[PROBLEM REQUIREMENTS] Since the copy must hold text only, transcribe the data below exactly and omit the images.
** PROVIDED DATA follows **
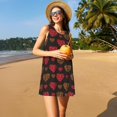 thumbnail image 3 of Fotbe Gold Glitter Heart Vestido de Verano sin Mangas para Mujer – Vestido Midi Línea A, Estilo Camiseta Floral, Vestido Playero Casual y Fluido, 3 of 7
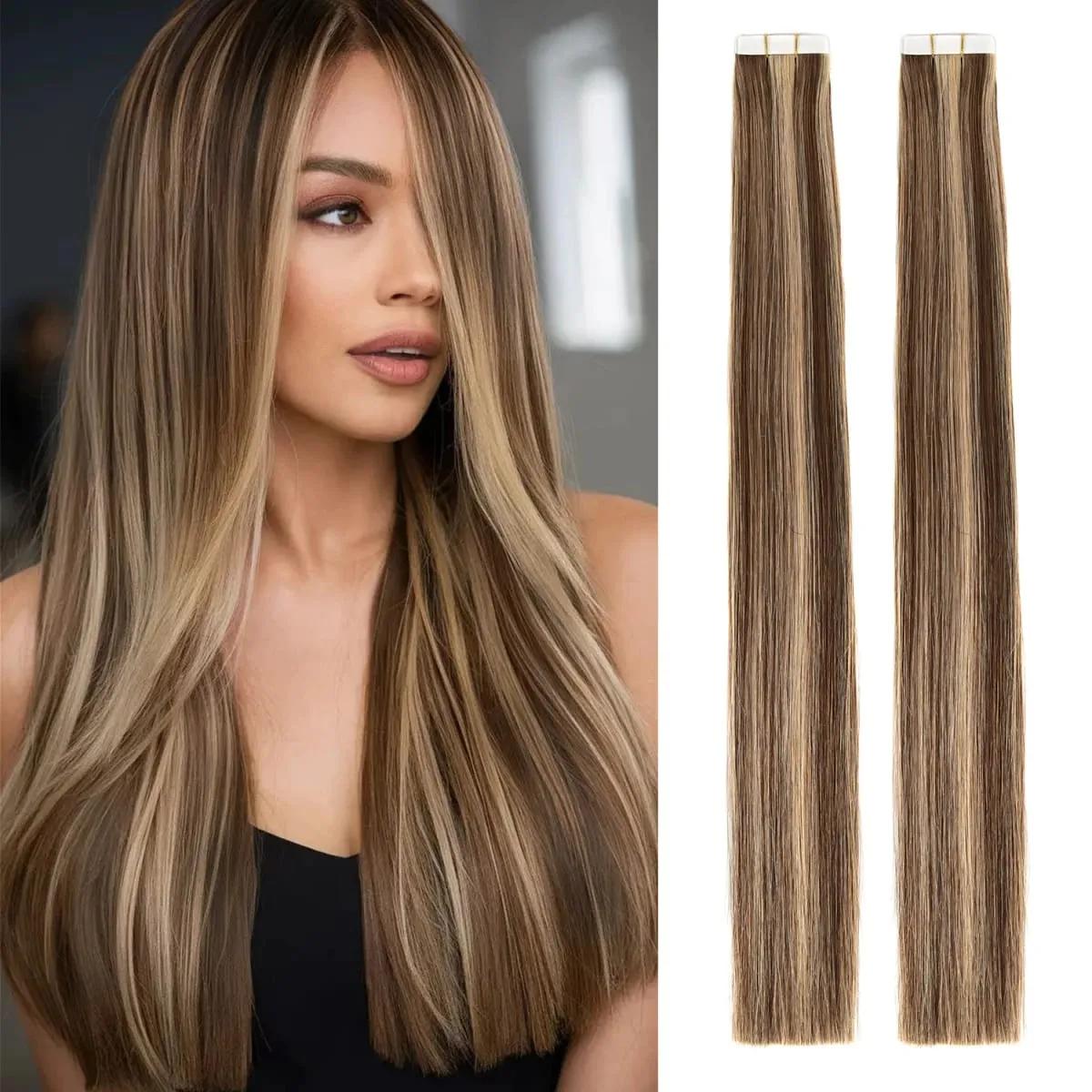 #30 Medium Auburn 40pc 100g Seamless Remy Tape in Human Hair Extensions Natural Straight PU Skin Weft Real Virgin Human Hair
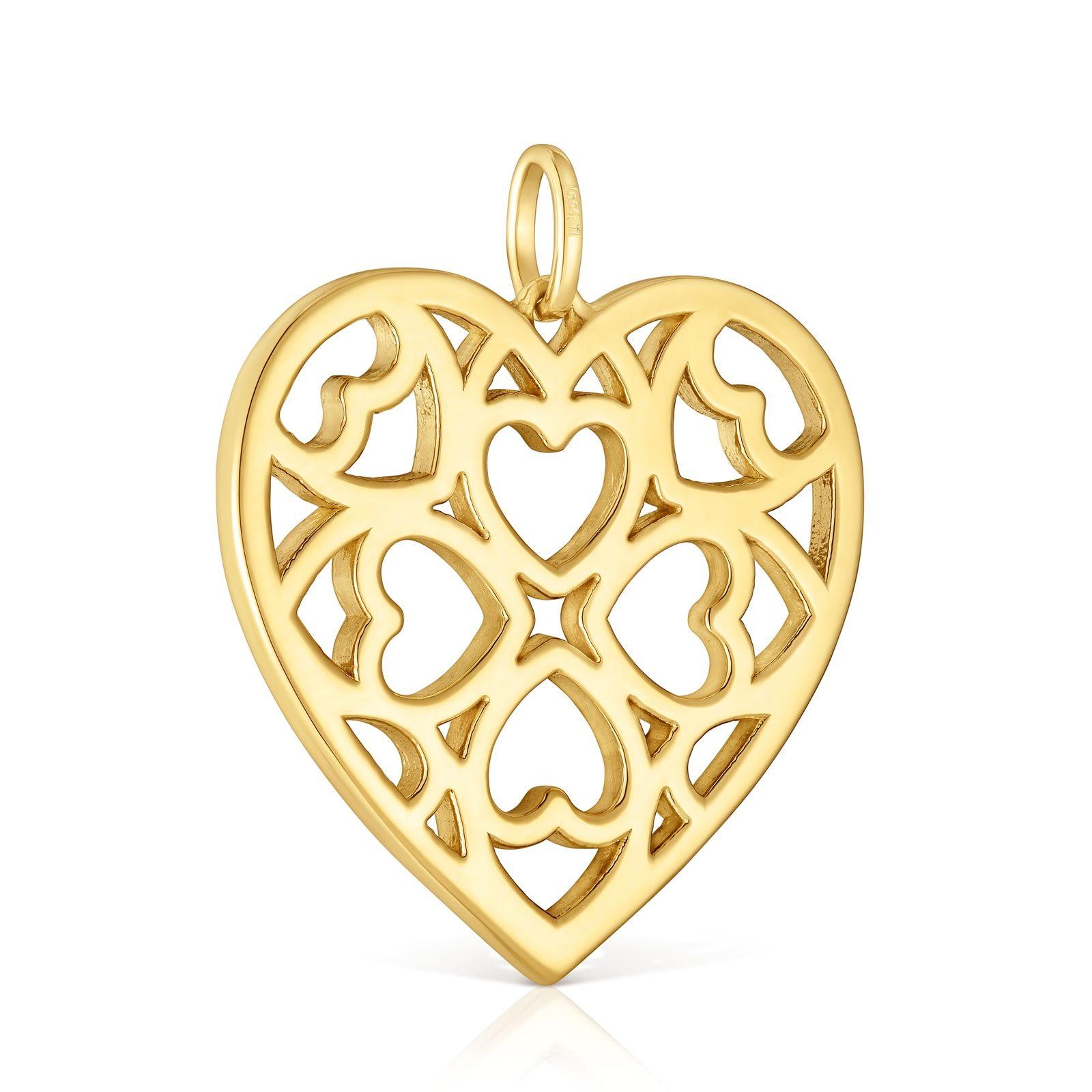 Colgante corazón con baño de oro 18 kt sobre plata-2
** End of PROVIDED DATA **
[COMPLETED TASK]
 thumbnail image 3 of Fotbe Gold Glitter Heart Vestido de Verano sin Mangas para Mujer – Vestido Midi Línea A, Estilo Camiseta Floral, Vestido Playero Casual y Fluido, 3 of 7
 #30 Medium Auburn 40pc 100g Seamless Remy Tape in Human Hair Extensions Natural Straight PU Skin Weft Real Virgin Human Hair
 Colgante corazón con baño de oro 18 kt sobre plata-2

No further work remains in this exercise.